Full-view test: reconstructions with full-view data for the regularization parameter \(\lambda \) shown below it.

4.3 Limited-Angle Test

In this case, we generate synthetic data using only 5 projections, namely, \(\theta = \{ 0, \pi /6, \pi /3, \pi /2, 2\pi /3 \}\). We add Gaussian noise of 10 dB SNR to the synthetic data. To check the performance of the proposed method, we compare it to Total Variation method [4], DART [3] and its modified version for partially discrete tomography, P-DART [12]. For Total Variation, we determine the shape from the final reconstruction via a simple segmentation step (thresholding). A total of 200 iterations were performed with the Total Variation method and the regularization parameter determined such that it optimally reconstructs the shape. In DART, the background is modeled using 20 discrete grey-values for model A and B, while 30 discrete grey-values for model C and D. True model has been segmented per mentioned grey-values to generate data for DART. 40 DART iterations were performed in each case. For P-DART, a total of 150 iterations were performed.

Fig. 7.
figure 7

Reconstructions with noisy limited data. The first column shows the true models, while the last 4 columns show the reconstructions with various methods. Red dotted line shows the contour of the segmented model in Total Variation method. Different measures are also shown below each reconstructed model. (Color figure online)

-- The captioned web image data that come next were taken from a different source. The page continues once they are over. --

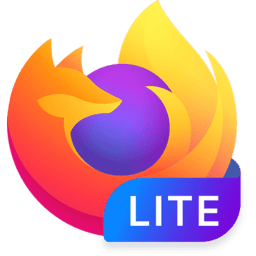 Firefox Lite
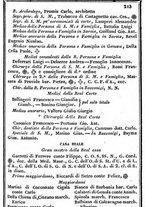 giornale/TO00190680/1841/unico/00000231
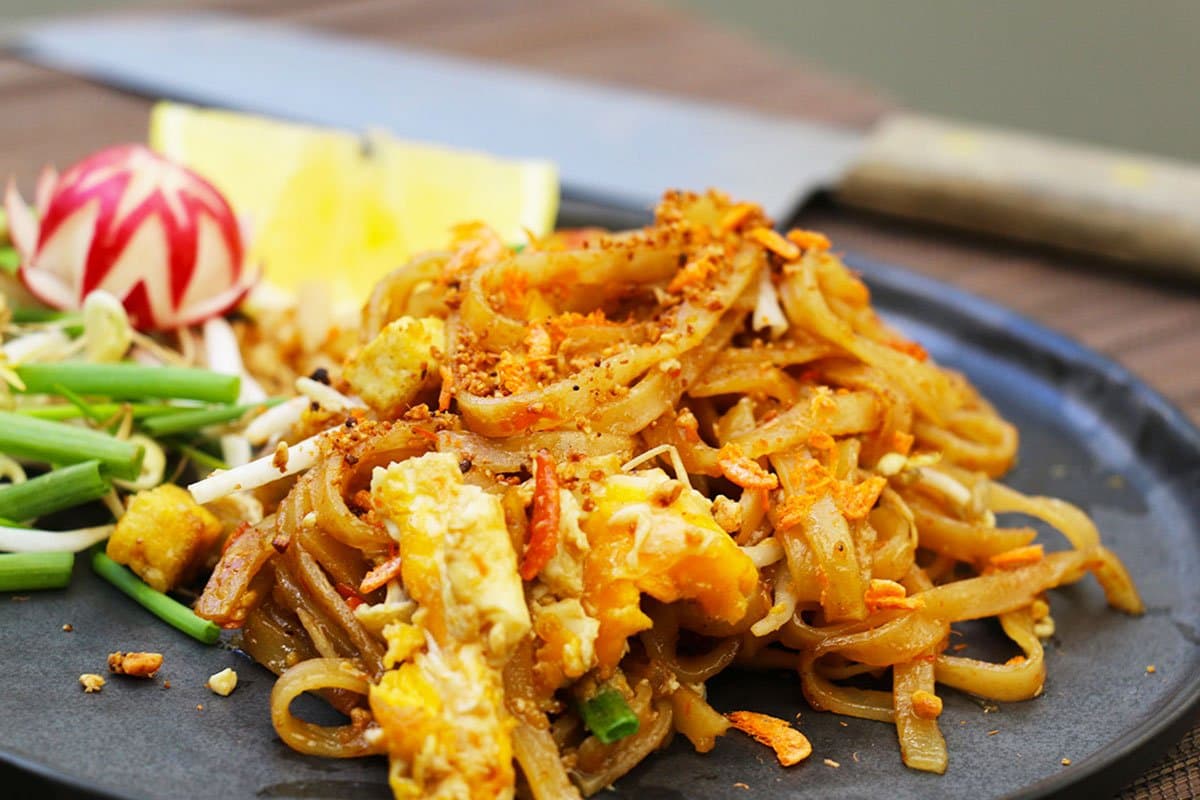 padthai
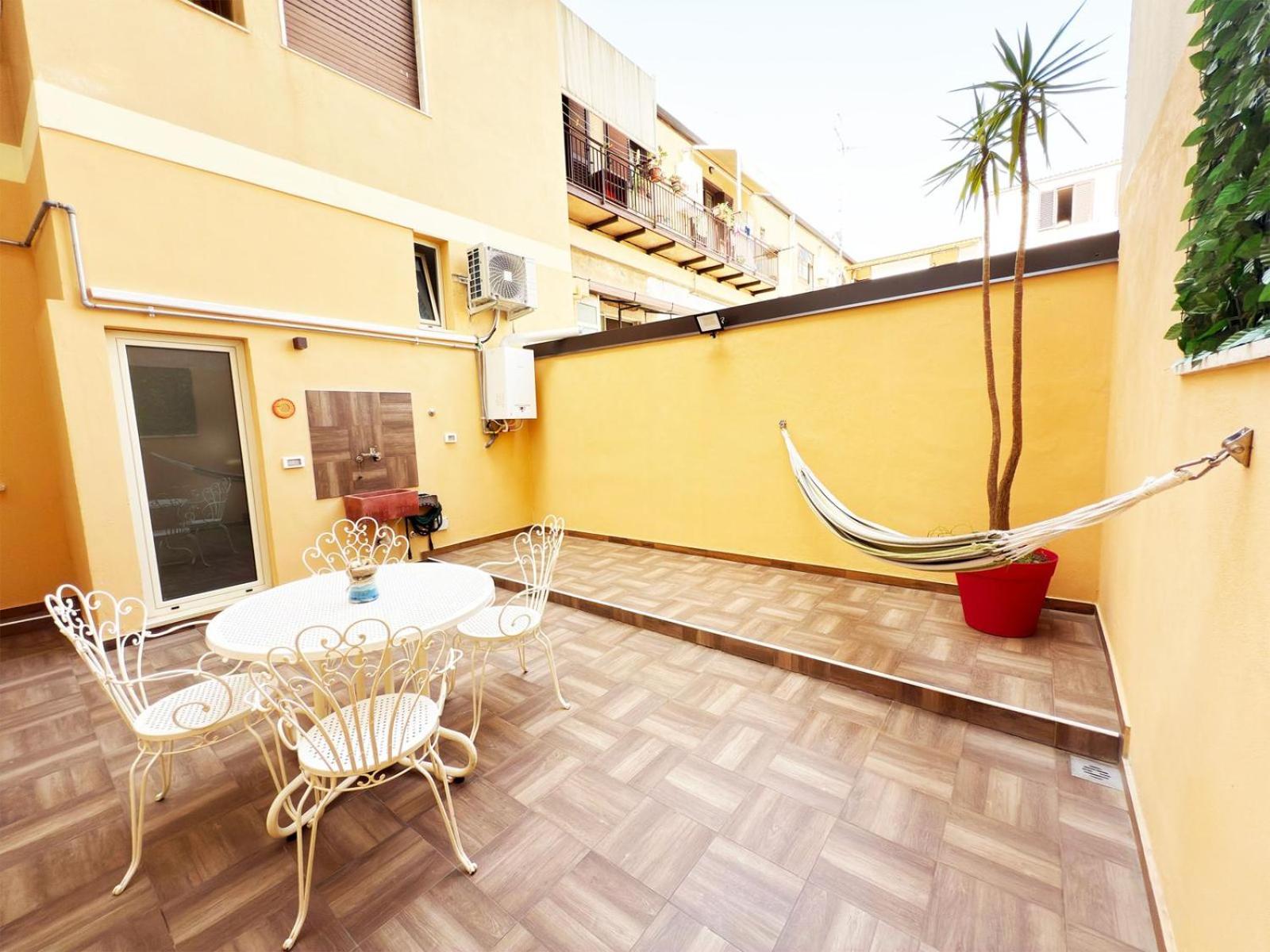 The Ypnos Suite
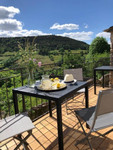 Propriété à vendre à Barre-des-Cévennes, Lozère - 319 000 € - photo n°1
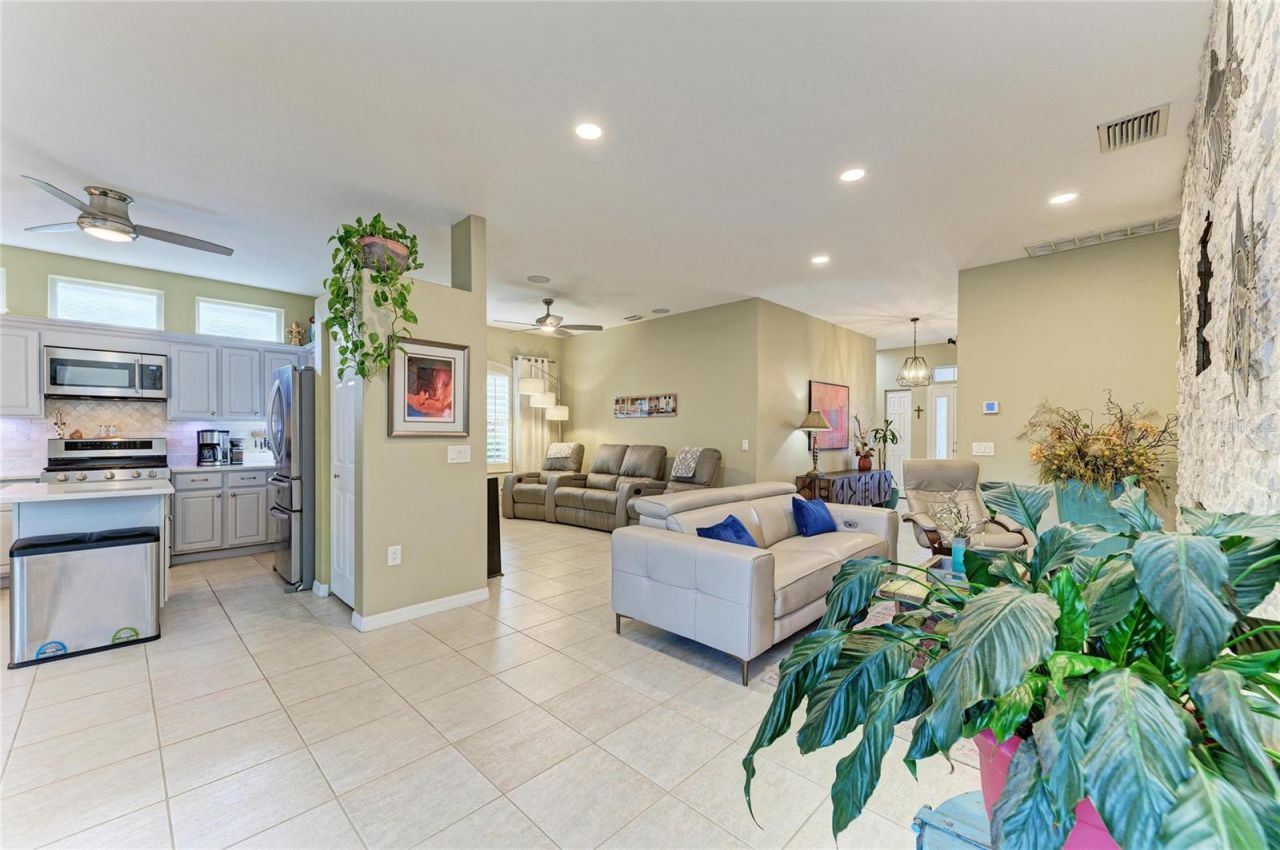 12211 Winding Woods Way, Lakewood Ranch, FL 34202 Photo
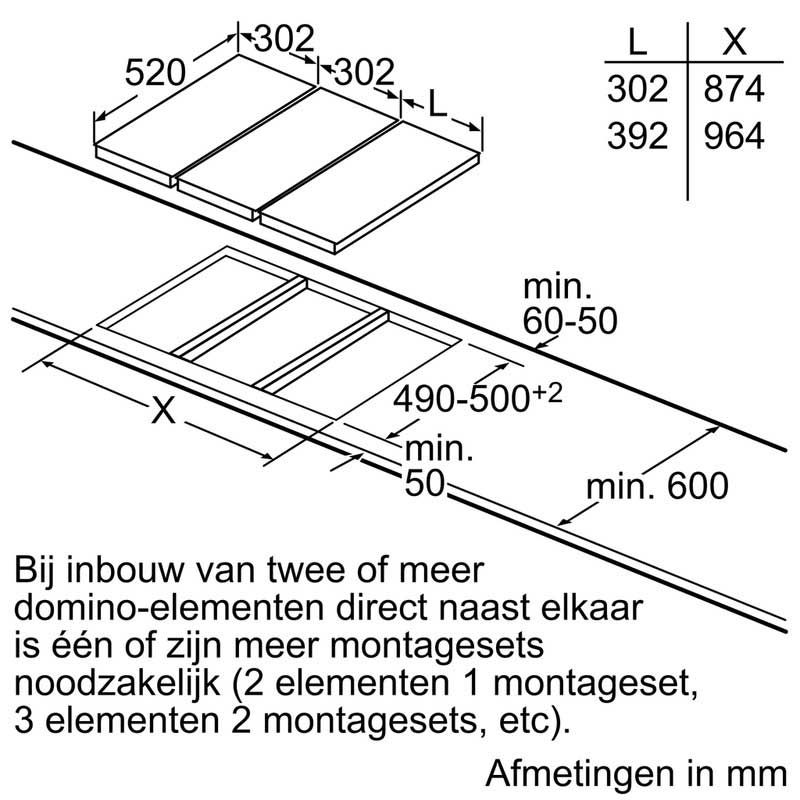 EH375FBB1E van Siemens afbeelding 6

The results on limited-angle data are presented in Fig. 7. The proposed method is able to capture most of the fine details (evident from the Jaccard Index) in the phantoms even with the very limited data with moderate noise. The P-DART method achieves the least amount of data residual in all the cases, but fails to capture the complete geometry of the anomaly. The Total variation method gives surprisingly good reconstructions of the shape. However, we obtained these results by selecting the best over a large range of regularization parameters. The level-set method consistently gives the best reconstruction of the shape.

5 Conclusions and Discussion

We discussed a parametric level-set method for partially discrete tomography. We model such objects as a constant-valued shape embedded in a continuously varying background. The shape is represented using a level-set function, which in turn is represented using radial basis functions. The reconstruction problem is posed as a bi-level optimization problem for the background and level-set parameters. This reconstruction problem can be efficiently solved using a variable projection approach, where the shape is iteratively updated. Each iteration requires a full reconstruction of the background. The algorithm includes some practical heuristics for choosing various parameters that are introduced as part of the parametric level-set method. Numerical experiments on a few numerical phantoms show that the proposed approach can outperform other popular methods for (partially) discrete tomography in terms of the reconstruction error. As the proposed algorithm requires repeated full reconstructions, it is currently an order of magnitude slower than the other methods. Future research is directed at making the method more efficient.